Missing point    =    [aT + bB − S]
(a − 1)(b − 1)
  • a = number of treatments,
  • b = number of blocks,
  • A = sum of items in same treatment as missing observation,
  • B = sum of items in same block as missing observation,
  • S = sum of all observations in that square.

Latin square design

Missing point   =    [a (R + C + T) − 2S]
(a − 1)(a − 2)
  • a = number of treatments,
  • R = sum of rows containing missing observation,
  • C = sum of columns containing missing observation,
  • T = sum of treatments containing missing observation,
  • S = sum of all observations in that square.

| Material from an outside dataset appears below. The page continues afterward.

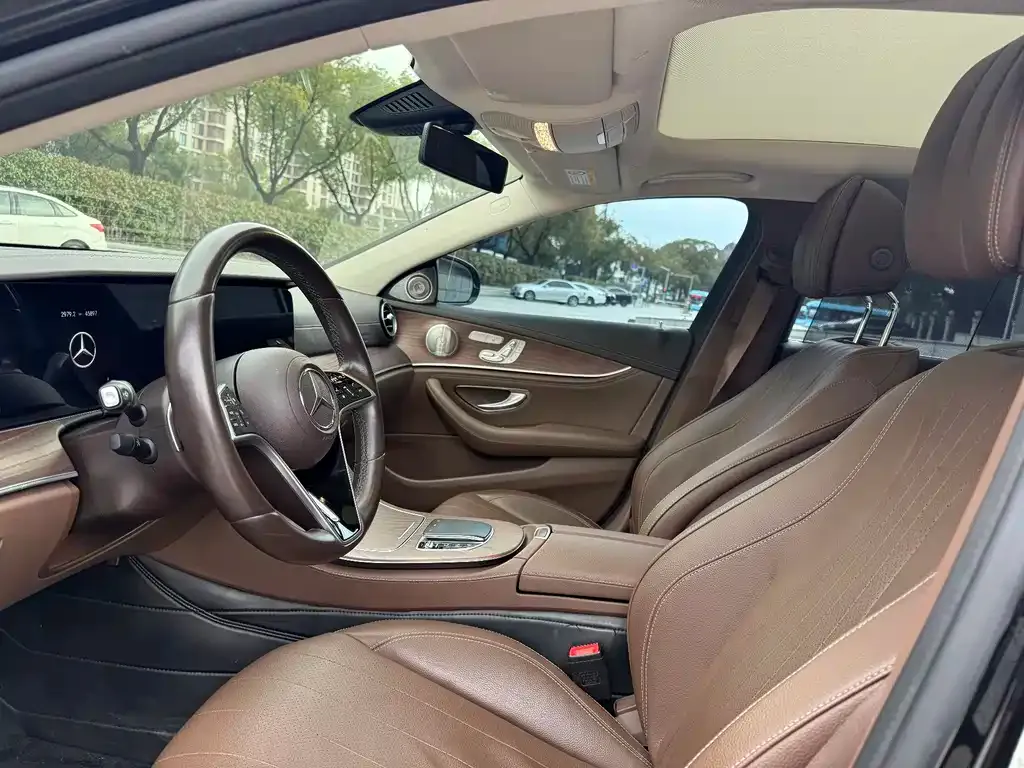 Mercedes-Benz E-Class 2022 из CN, фото 5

If you have more than one missing value, you must use an iterative method. Using this method will enable you to get an unbiased estimate of the treatment means. However, further corrections and adjustments need to be made when assessing the significance of treatment effects. A worked example of estimating a missing point in a Latin square experiment is given in the examples.



More sophisticated approaches

    Broadly speaking there are two rather more sophisticated multivariate methods to cope with missing values. However, they still generally assume that such values are missing at random, and may require knowledge of covariate values for the missing individual. These methods are therefore not appropriate in many situations.

    1. Maximum likelihood methods

      These do not estimate missing values. Only complete records are analysed, but special weights are assigned to those records based on the pattern of missing data. One example of this is maximum likelihood estimation using the EM (expectation-maximization) algorithm. These methods have been widely available in software packages for some years

    2. Multiple imputation methods

      These do estimate missing values, but not just a single replacement value. Instead a number (n) of different possible imputed values are calculated for each missing value using a suitable statistical model derived from the patterns in the data. Multiple imputation gives n possible complete data sets, each of which are analysed in turn by the chosen statistical method (such as analysis of variance). The n intermediate results are then pooled to yield a final result, and an estimate of its uncertainty. Software packages are now available which adopt this approach.

    Note that when you use any of these methods, you have not recovered the missing information. All you have done is to make the best, or most unbiased, use of the remaining data. These methods all have one thing in common: your final analysis is only as good as your model, and the remainder of your data. If too much of your data is estimated, your analysis will reflect your assumptions, rather than your data.

    It is sometimes best to carry out an analysis using several very different methods of coping with the missing data. If the conclusion remains the same, irrespective of the methods used, we can have considerably more confidence in it. This is known as sensitivity analysis.

Constant missing responses and extreme case analysis

    These are the methods you should use when observations are not missing at random. For example in clinical trials, where withdrawals are caused by side effects of the drugs. In this situation missing responses are commonly assigned a constant missing response - namely as a treatment failure. This reduces the chance of falsely showing a difference between treatments when there is no difference - but it is a conservative approach. In other words you may fail to show a difference between treatments when one really exists.

    An even more conservative method is extreme case analysis. It is the only way you can be certain that the missing observations are not affecting the outcome. The approach is mainly used where the response variable is measured on the binary or (rarely) the ordinal scale. Missing observations for the group faring better are classed as failures, those for the group faring worse are classed as successes, and the results re-analysed. If the conclusions of the trial are unaffected even by extreme case analysis, we can be reasonably certain that missing values are not biasing the result.

    A good worked example of extreme case analysis is given in one of the medical examples.